The SHERPA project is funded by JISC and CURL under the FAIR Programme and aims to investigate issues to do with the future of scholarly communication and publishing. In particular, it is initiating the development of openly accessible institutional digital repositories of research output in a number of research universities.
The project is investigating the IPR, quality control and other key management issues associated with making the research literature freely available to the research community. Preservation activities include investigating the requirements for the long-term preservation of e-prints, including metadata requirements and economic models. This latter work is conducted by the Arts and Humanities Data Service.
The Arts and Humanities Data Service is a UK national service funded by the JISC and AHRB to collect, preserve and promote the electronic resources which result from research and teaching in the arts and humanities. By preserving collections the AHDS encourages further research and educational use of its collections. The identification and promotion of shared standards is critical to the AHDS's work.
Preserving and exchanging digital information relies upon their widespread adoption and the AHDS endeavours to use open standards and software wherever possible, including in the establishment of its own digital repository. The AHDS seeks to work in fruitful partnerships in order to enhance the production and preservation of high-quality digital resources of whatever type, and to use its skills and expertise in preservation for the benefit of the HE and FE communities.
In addition to the funding already supplied to the current SHERPA Project, the Consortium of University Research Libraries (CURL) Board has agreed to contribute a further sum of £25,000 to this project to fund participation from their members who are either development or associate partners in the SHERPA Project. The AHDS and the University of Nottingham will work with the SHERPA Management Board and the CURL Board to establish criteria for the selection of a further three partners to work with the project. SHERPA project partners will then be invited to submit a bid to the SHERPA Management Board to join this project.

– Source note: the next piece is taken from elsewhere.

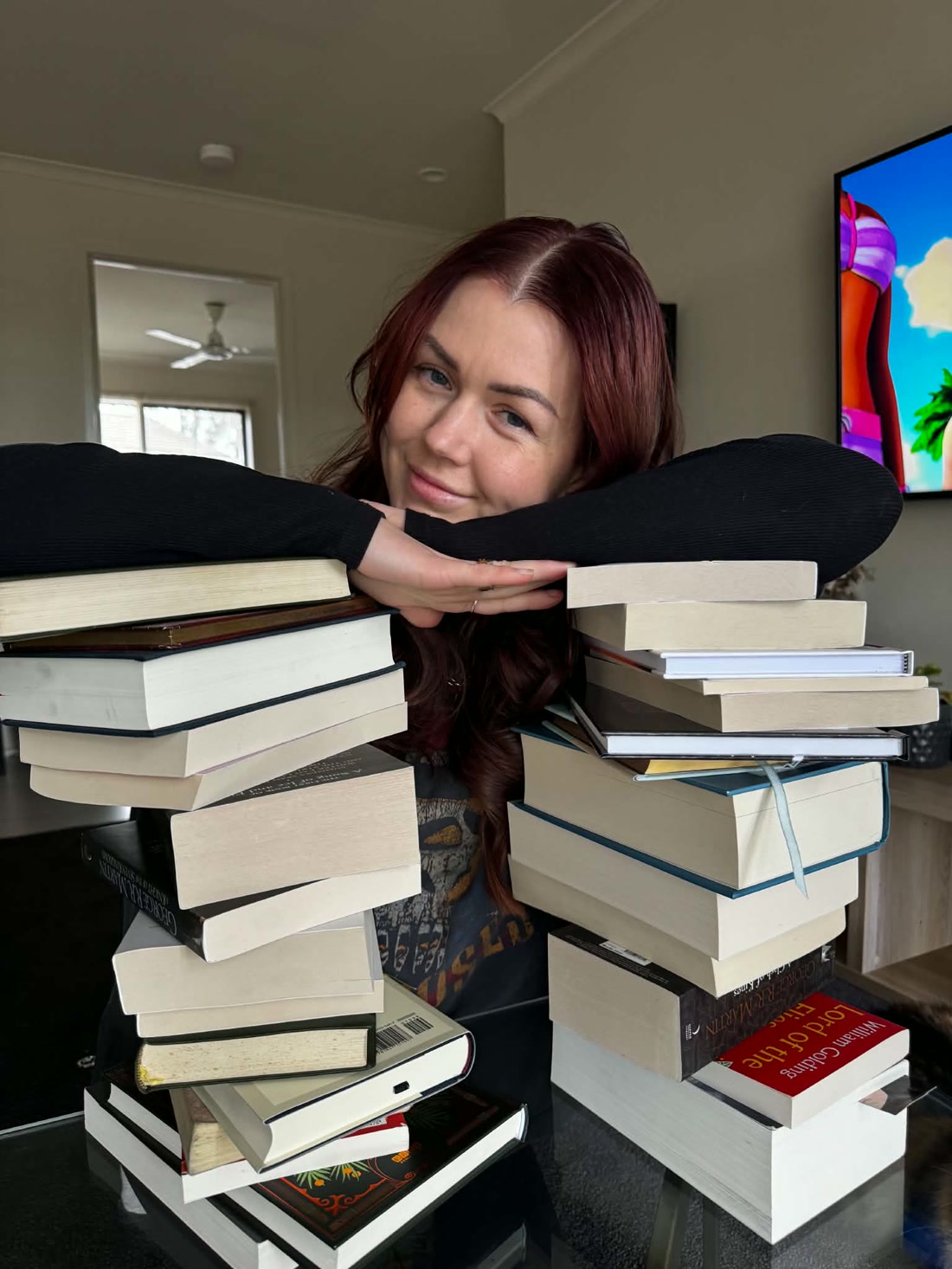 Danii Lee resting her arms on two tall stacks of books.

The selection criteria will ensure that both DSpace and Eprints repositories are represented in order to ensure that the project tackles the preservation issues of the two most commonly used repository software applications. The criteria will also require that partners are well advanced in the establishment of their repository infrastructure, and that there is a broad spread of SHERPA partners, including the associate partners. The successful bidders will be required to sign a partner agreement agreeing to contribute as required to the project and to abide by the requirements laid down by the JISC.
Project Governance
We propose that the current SHERPA Management Board be asked to act as the Management Board for this project to ensure the closest coordination between the original SHERPA project and this project. The Project will comply with JISC requirements and will report to the JISC Programme Manager as required.